Disclaimer: I have no plan to break 3.x bitcode compatibility in any way.
I’m experimenting with ideas to improve the current bitcode serialization and deserialization in general.
I’m interested in improving the speed and the flexibility of the reader/writer, as well as making the code easier to deal with.
My current griefs against our bitcode format are mainly the lack of built-in random access (which prevents efficient lazy loading), and the implementation which does not help layering the high-level structure of the serialization from what is emitted (and the compression part). On the speed side, the bit level management of record has also non-negligible overhead right now.
The two key issues with the current format that prevents random access are:
- Abbrev are lazily emitted in the stream and can be interleaved with record. You have to scan the whole block to get the context for a record.
- Because records have variable size, you need to parse then in sequence to find the “interesting” one.
I just finished a quick prototype using Google Flatbuffers ( FlatBuffers: FlatBuffers ). This is a solution that provide “zero-copy” serialization/deserialization, by avoiding the use of variable length integer and aligning appropriately every field. The structure of the serialization is described using a DSL, and the serialization/deserialization code is generated from this description.

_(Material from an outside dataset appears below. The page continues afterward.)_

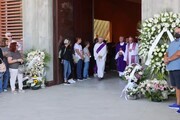 I funerali di Alessia e Giulia, le sorelle investite da un treno a Riccione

My prototype is a naive description of the IR, but complete enough to handle all the .ll files present in the LLVM validation, and rountrip a 800MB file from the LTO link of Clang itself.
The results is that the extra flexibility given by the random access is helping beyond the lazy loading: for instance loading metadata is an issue because of forward reference usually, while the random access allows to “recurse” on the operand when loading a metadata. This simplifies the algorithms both on the reader and the writer.
On the drawback, Flatbuffers seems to target small use cases (not a lot of different type of records or large buffers). The implementation is not totally optimized, for example 40% of the writer time is spend on “vtables” (equivalent of our abbrev) deduplication on some of my test cases.
Also multiple possible obvious size optimizations are not possible with the current Flatbuffers, currently my prototype emit files that are ~2 times larger that our bitcode format. By working on the schema I probably can get this to down 50%, but that may still be too high for us (especially considering that some of these limits are inherent to Flatbuffer implementation itself).
So my current thoughts on the topic is that we could still learn from other recently developed format and bring part of the ideas into our format where it makes sense. For example we don’t need random access in the instruction array, but it’d be appreciable for the metadata though. We'd want zero-copy for a symbol table (see https://llvm.org/bugs/show_bug.cgi?id=27551 ) but not for the instruction stream.
I’m also interested in what are other people’s stakes on the bitcode format (other than backward compatibility), what tradeoff are you ready to make on the size vs speed/flexibility for example?